LONDON (Reuters) - Increasing numbers of traders are using their smartphones to conduct foreign exchange deals, a JP Morgan survey showed on Monday.
In the second annual edition of an online survey among 400 institutional traders — a ,majority of them focused on foreign exchange markets — JP Morgan (JPM.N) found the proportion of investors now using a mobile trading app jumped by about 20 percentage points to about 37 percent.
Significant barriers remain, in particular, with relation to company policies preventing trading on mobile devices.
But Scott Wacker, global head of e-commerce sales and marketing at the U.S.-based bank, said electronic trading will continue to grow “whether as a result of external regulatory push or an internal drive for efficiency.
“As the market becomes increasingly comfortable with the security protocols with mobile trading technology, we expect that electronic trading and interaction with the financial markets over mobile devices to increase,” Wacker told Reuters.
The survey also found that the average proportion of notional trading volumes that will go through electronic channels rising to 74 percent in 2018 from 68 percent last year.
While currency markets are far further ahead than their fixed income counterparts in terms of proportion of trading that goes through e-channels, traders say there is a fair amount of volumes on currency swaps and options that have yet to migrate electronically.
The survey also found that market structure and regulatory changes were the biggest source of concern for currency traders with about 37 percent of those surveyed citing that as the major issue facing them followed by geopolitical events and global economic uncertainty at 27 percent and 25 percent respectively.
A Bank of International Settlements report in September 2016 showed global currency trading fell to a daily average of $5.1 trillion in April 2016, a 5.5 percent from the $5.4 trillion average three years ago and the first broad contraction of the market since 2001.
Increasingly, a larger chunk of the volumes in currency markets takes place in swaps and other derivatives rather than cash markets.
Trading via algorithms is expected to see a significant jump this year compared to click to trade, which is where investors respond to streaming prices from banks or the RFQ approach where investors request prices from various liquidity providers.

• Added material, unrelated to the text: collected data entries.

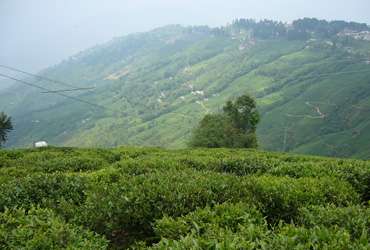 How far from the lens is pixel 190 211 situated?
9445 millimetres

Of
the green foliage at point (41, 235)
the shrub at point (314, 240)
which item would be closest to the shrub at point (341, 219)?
the shrub at point (314, 240)

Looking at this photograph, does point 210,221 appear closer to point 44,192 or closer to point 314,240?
point 314,240

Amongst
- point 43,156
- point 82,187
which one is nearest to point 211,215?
point 82,187

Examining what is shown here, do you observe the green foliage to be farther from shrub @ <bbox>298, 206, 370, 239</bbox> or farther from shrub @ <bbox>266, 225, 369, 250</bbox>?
shrub @ <bbox>298, 206, 370, 239</bbox>

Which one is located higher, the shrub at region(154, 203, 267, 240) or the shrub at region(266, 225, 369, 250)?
the shrub at region(266, 225, 369, 250)

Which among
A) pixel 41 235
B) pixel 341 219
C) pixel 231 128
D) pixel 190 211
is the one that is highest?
pixel 41 235

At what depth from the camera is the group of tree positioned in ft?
239

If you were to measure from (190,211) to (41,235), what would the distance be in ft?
11.4

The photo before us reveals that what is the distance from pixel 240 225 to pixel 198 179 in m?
3.47

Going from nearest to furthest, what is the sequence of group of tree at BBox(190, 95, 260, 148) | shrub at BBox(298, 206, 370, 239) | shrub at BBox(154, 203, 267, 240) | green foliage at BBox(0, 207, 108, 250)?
green foliage at BBox(0, 207, 108, 250) → shrub at BBox(298, 206, 370, 239) → shrub at BBox(154, 203, 267, 240) → group of tree at BBox(190, 95, 260, 148)

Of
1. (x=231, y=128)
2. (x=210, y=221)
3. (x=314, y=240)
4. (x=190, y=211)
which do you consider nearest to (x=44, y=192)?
(x=190, y=211)

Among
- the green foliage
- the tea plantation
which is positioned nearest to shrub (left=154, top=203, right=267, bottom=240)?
the tea plantation

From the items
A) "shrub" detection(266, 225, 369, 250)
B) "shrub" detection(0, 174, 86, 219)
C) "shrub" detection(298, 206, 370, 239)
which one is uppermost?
"shrub" detection(266, 225, 369, 250)

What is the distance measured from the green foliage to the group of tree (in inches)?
2537
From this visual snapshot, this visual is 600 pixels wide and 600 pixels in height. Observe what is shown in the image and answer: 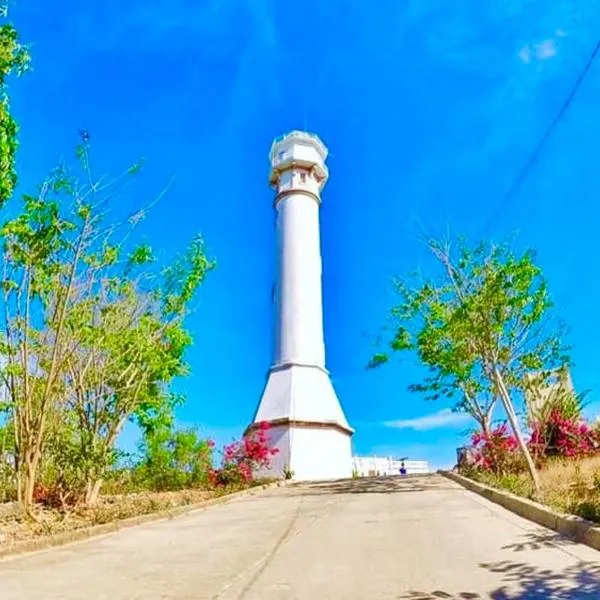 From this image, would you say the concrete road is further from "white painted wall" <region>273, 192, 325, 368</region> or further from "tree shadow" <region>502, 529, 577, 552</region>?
"white painted wall" <region>273, 192, 325, 368</region>

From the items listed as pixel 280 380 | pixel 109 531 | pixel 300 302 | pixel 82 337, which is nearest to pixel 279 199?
pixel 300 302

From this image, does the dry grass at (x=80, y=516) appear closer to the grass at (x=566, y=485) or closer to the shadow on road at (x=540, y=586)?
the shadow on road at (x=540, y=586)

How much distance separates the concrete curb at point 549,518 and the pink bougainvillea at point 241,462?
24.7 ft

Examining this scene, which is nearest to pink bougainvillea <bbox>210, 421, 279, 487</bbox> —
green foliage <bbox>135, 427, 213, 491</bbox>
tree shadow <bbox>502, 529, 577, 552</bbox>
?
green foliage <bbox>135, 427, 213, 491</bbox>

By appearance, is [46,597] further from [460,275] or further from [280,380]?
[280,380]

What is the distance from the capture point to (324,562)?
512 cm

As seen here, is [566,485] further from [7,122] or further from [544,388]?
[7,122]

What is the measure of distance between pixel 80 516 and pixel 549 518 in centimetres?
621

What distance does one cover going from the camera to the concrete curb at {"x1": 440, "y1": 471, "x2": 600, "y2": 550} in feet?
17.4

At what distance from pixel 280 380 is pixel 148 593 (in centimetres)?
2022

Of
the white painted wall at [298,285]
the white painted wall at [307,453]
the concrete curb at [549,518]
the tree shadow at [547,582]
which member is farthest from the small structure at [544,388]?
the white painted wall at [298,285]

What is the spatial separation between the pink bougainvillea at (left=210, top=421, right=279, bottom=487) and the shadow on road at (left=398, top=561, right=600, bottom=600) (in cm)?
1249

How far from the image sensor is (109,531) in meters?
7.71

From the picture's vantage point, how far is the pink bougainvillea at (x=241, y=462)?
16375 millimetres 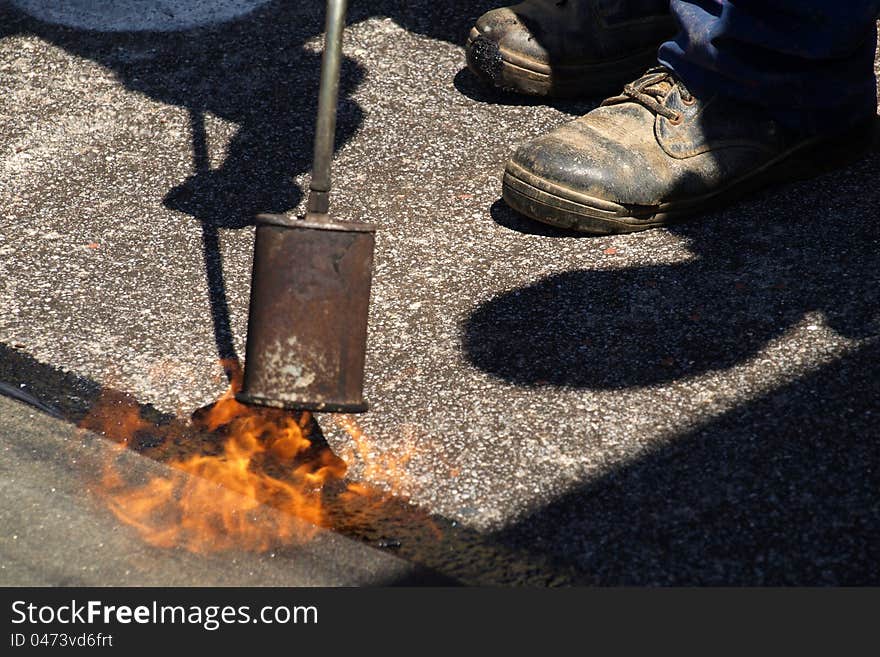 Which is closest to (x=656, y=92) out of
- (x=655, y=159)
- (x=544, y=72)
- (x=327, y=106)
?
(x=655, y=159)

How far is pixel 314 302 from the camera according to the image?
170cm

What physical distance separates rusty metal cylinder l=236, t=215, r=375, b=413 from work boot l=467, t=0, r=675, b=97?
54.6 inches

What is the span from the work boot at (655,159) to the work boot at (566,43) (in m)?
0.38

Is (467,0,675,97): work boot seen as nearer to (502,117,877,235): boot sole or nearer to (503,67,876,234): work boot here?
(503,67,876,234): work boot

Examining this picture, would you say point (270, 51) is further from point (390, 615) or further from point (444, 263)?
point (390, 615)

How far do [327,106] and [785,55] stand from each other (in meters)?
1.19

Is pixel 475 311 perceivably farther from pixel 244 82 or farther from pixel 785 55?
pixel 244 82

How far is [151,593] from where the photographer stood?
64.1 inches

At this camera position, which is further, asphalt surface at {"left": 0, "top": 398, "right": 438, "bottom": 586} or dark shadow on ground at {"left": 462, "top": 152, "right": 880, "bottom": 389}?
dark shadow on ground at {"left": 462, "top": 152, "right": 880, "bottom": 389}

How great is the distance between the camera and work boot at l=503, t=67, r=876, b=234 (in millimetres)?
Result: 2416

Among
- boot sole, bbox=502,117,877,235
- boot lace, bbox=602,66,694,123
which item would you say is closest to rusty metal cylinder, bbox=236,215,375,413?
boot sole, bbox=502,117,877,235

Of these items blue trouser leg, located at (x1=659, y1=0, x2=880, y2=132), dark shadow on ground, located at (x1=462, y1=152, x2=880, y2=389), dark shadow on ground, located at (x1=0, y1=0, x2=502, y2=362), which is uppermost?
blue trouser leg, located at (x1=659, y1=0, x2=880, y2=132)

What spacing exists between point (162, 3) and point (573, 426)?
2226 millimetres

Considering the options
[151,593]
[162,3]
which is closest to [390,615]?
[151,593] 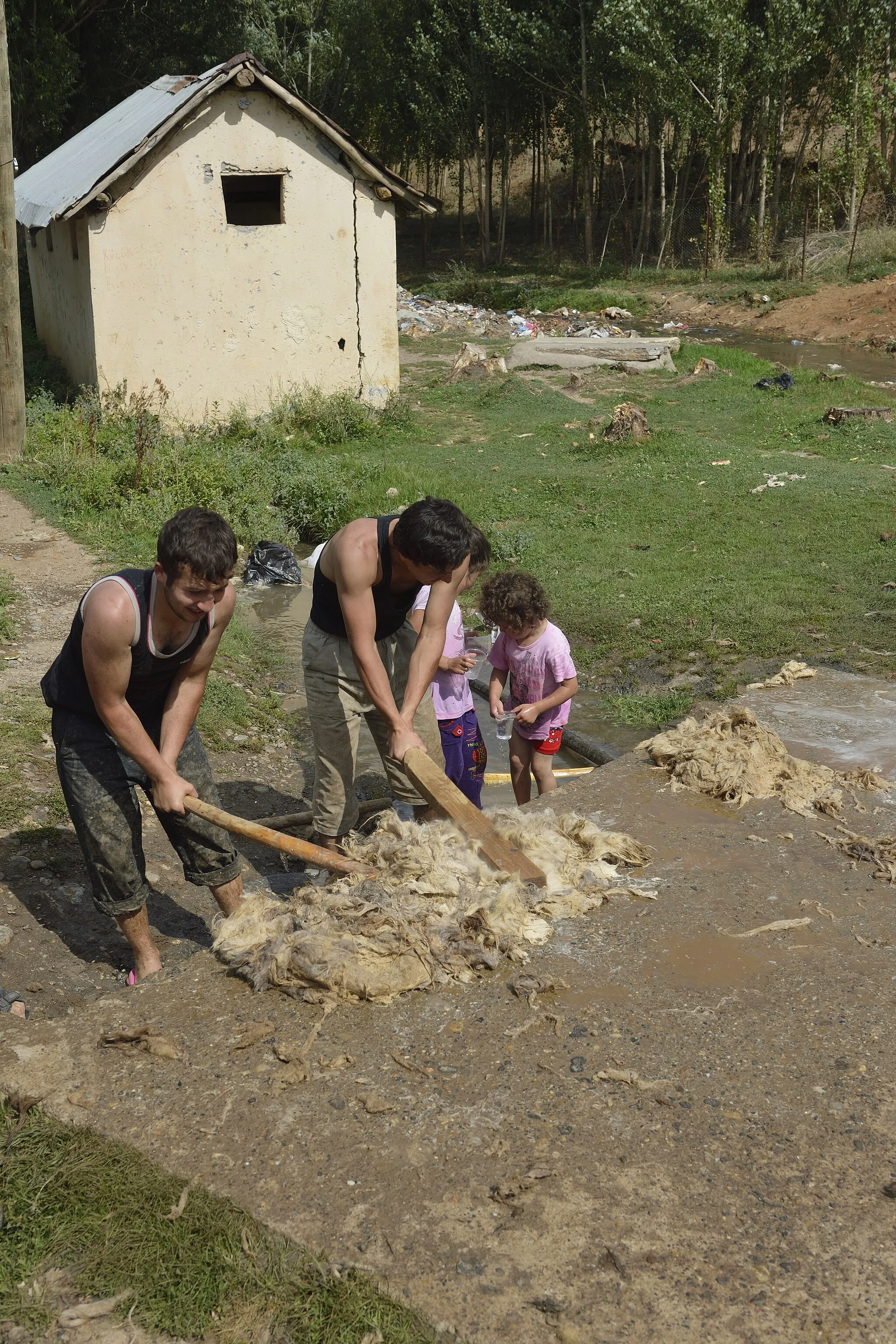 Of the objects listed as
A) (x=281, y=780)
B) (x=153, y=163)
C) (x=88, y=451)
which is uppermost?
(x=153, y=163)

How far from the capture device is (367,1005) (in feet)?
10.2

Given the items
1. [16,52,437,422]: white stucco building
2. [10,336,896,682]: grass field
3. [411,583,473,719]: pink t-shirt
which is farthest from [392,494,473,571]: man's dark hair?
[16,52,437,422]: white stucco building

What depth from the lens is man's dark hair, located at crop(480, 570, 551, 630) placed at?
15.3 feet

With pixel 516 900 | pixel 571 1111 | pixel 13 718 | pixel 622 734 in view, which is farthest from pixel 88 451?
pixel 571 1111

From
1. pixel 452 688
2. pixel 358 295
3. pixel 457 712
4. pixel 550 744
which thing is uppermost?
pixel 358 295

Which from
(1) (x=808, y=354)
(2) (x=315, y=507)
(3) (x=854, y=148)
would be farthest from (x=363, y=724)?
(3) (x=854, y=148)

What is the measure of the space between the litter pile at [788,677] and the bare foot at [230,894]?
2756 millimetres

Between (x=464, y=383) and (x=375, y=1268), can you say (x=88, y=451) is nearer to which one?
(x=464, y=383)

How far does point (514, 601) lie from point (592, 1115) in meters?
2.39

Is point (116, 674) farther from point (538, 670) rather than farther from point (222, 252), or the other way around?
point (222, 252)

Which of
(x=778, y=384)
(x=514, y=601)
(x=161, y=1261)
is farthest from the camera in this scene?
(x=778, y=384)

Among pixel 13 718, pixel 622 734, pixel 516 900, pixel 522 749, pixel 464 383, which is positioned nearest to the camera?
pixel 516 900

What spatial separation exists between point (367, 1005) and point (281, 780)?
120 inches

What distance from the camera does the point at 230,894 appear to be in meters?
4.07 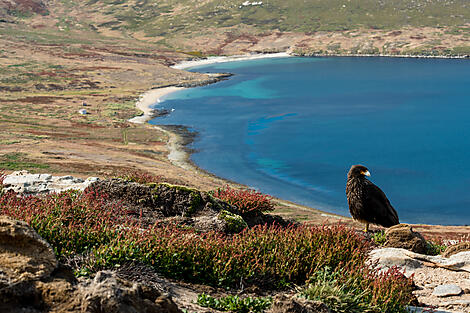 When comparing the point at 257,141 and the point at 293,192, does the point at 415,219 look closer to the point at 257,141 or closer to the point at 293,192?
→ the point at 293,192

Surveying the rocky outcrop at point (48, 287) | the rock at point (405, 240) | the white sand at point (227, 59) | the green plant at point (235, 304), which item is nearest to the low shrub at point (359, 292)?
the green plant at point (235, 304)

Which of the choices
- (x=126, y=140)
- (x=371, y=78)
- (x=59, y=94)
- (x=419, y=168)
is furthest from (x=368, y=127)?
(x=59, y=94)

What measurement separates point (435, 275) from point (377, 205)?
10.3 ft

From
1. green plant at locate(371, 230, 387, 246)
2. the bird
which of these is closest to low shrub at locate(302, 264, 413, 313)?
the bird

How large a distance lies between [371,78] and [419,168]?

Keeping in line with a general pick up in currency and bond market volatility over the opening weeks of the year, large banks as well as multi-dealer platforms have reported a pick up in trading flow.
In the first five days of trading under the second version of the Markets in Financial Instruments Directive (MiFID II), Tradeweb’s multi-dealer platform said European credit market volumes surged 70 percent over the daily average in 2017.